Risale soltanto a un mese fa la scoperta, effettuata da alcuni ricercatori della Cornell University di come le libellule regolino il movimento delle loro ali anteriori e posteriori per risparmiare energia quando si librano in volo. Problema che gli esperti di robotica non riescono invece a risolvere in quanto i loro velivoli (almeno quelli conosciuti) tendono a consumare molta energia e necessitano quindi di batterie molto grandi e pesanti. La Cia è stata tra le prime ad affrontare il problema.
L’insectothopter, messo a punto dall’ufficio Ricerche e Sviluppo della Cia trenta anni fa, era in tutto e per tutto simile a una libellula e conteneva un minuscolo motore a benzina in grado di azionare quattro ali. Era in grado di volare, ma alla fine fu considerato un insuccesso perché non era riusciva ad affrontare i venti di traverso. Che il Dipartimento della Difesa sia impegnato a cercare di mettere a punto una cosa del genere pare però pressoché assodato. Alcuni ricercatori stanno inserendo alcuni chip nelle pupe delle falene - lo stadio intermedio tra il bruco e la farfalla adulta in grado di volare - per far sì che si schiudano “falene cyborg” perfettamente sane.
Ma c’è anche chi prendendo ispirazione dalla Cia, sta cercando di costruire velivoli in grado di volare con carburanti chimici piuttosto che a batteria. L’Entomopter, ancora nelle fasi iniziali di sviluppo presso i laboratori del Georgia Institute of Technology, simile a un aereo giocattolo più che a un insetto, trasforma il combustibile liquido in gas bollente, che aziona quattro ali che battono e attrezzature varie.

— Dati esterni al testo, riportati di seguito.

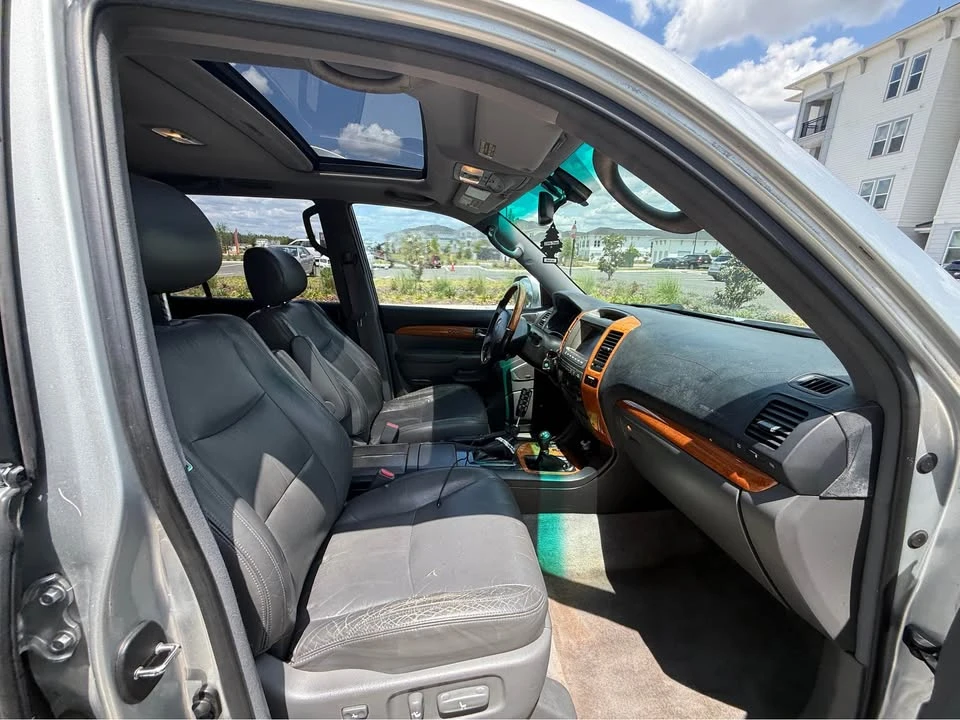 2007 Lexus GX 1st Gen - Image 3 of 19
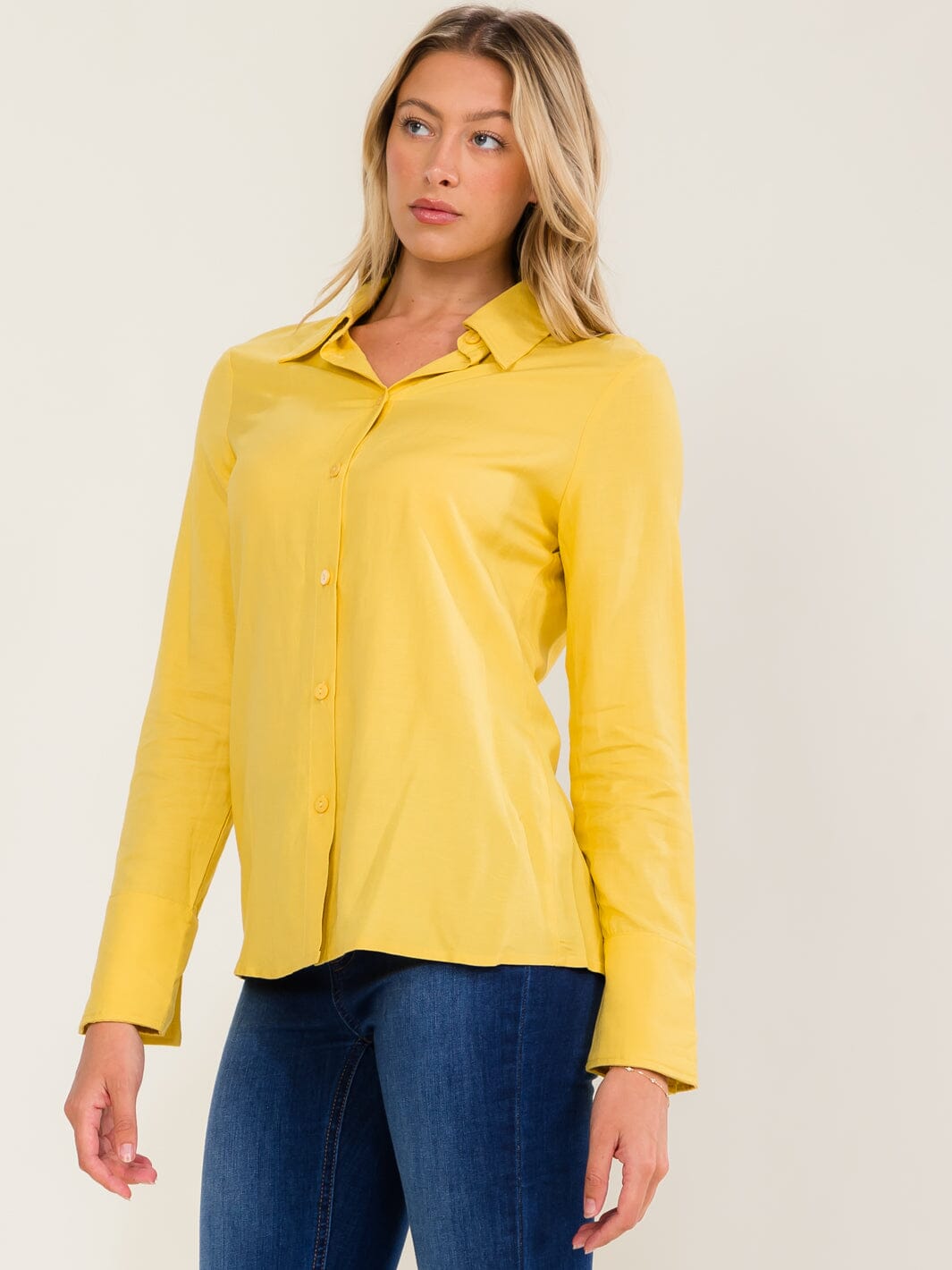 ******WOMEN'S LONG SLEEVE BUTTON UP LINEN BLOUSE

Anche se un giorno tutte le difficoltà e gli ostacoli tecnici dovessero essere superati, i micro-velivoli dalle dimensioni di un insetto saranno sempre un investimento rischioso. “Possono essere ingoiati da un uccello, rimanere impigliati in una ragnatela. Per quanto intelligente possa essere se un uccello arriva a 30miglia orarie non c’è modo di evitarlo. Insomma non sono utilizzabili per operazioni di spionaggio”.
Ma allora, che cosa hanno visto Crane, Alarcon e qualche altro manifestante presente alla marcia di Washington? E che cosa vide nel 2004, durante la Convention Nazionale Repubblicana di New York, un osservatore - forse un manifestante paranoico che marciava per la pace - che descrisse su Internet una “libellula nera immobile nell’aria a una trentina di metri d’altezza, nel bel mezzo della Settima strada, che pareva fissarci”?
Con ogni probabilità, secondo Jerry Louton, entomologo del Museo Nazionale di Storia Naturale, hanno visto delle vere libellule, se si tiene conto che Washington ospita alcune specie di grandi dimensioni e decorazioni spettacolari, che possono lasciare sbalorditi. Ma in realtà ci sarebbero anche alcuni dettagli che secondo lui non quadrano affatto. Tre distinte persone presenti alla dimostrazione di Washington hanno descritto una fila di sfere, dalle dimensioni di piccole bacche, attaccate alla coda delle grandi libellule - un’attrezzatura che Louton non riesce a spiegarsi. Oltre tutto hanno anche riferito di aver visto almeno tre libellule far manovra all’unisono e “le libellule non volano mai in gruppo”.
Mara Verheyden-Hilliard di Partnership for Civil Justice ha detto che il suo gruppo sta svolgendo indagini sulle dichiarazioni dei testimoni e ha presentato una richiesta formale di informazioni con il Freedom of Information Act inoltrata a svariate agenzie federali. Secondo lei, se simili dispositivi dovessero essere usati per spiare gli attivisti politici si tratterebbe di una “significativa violazione dei diritti civili della popolazione”.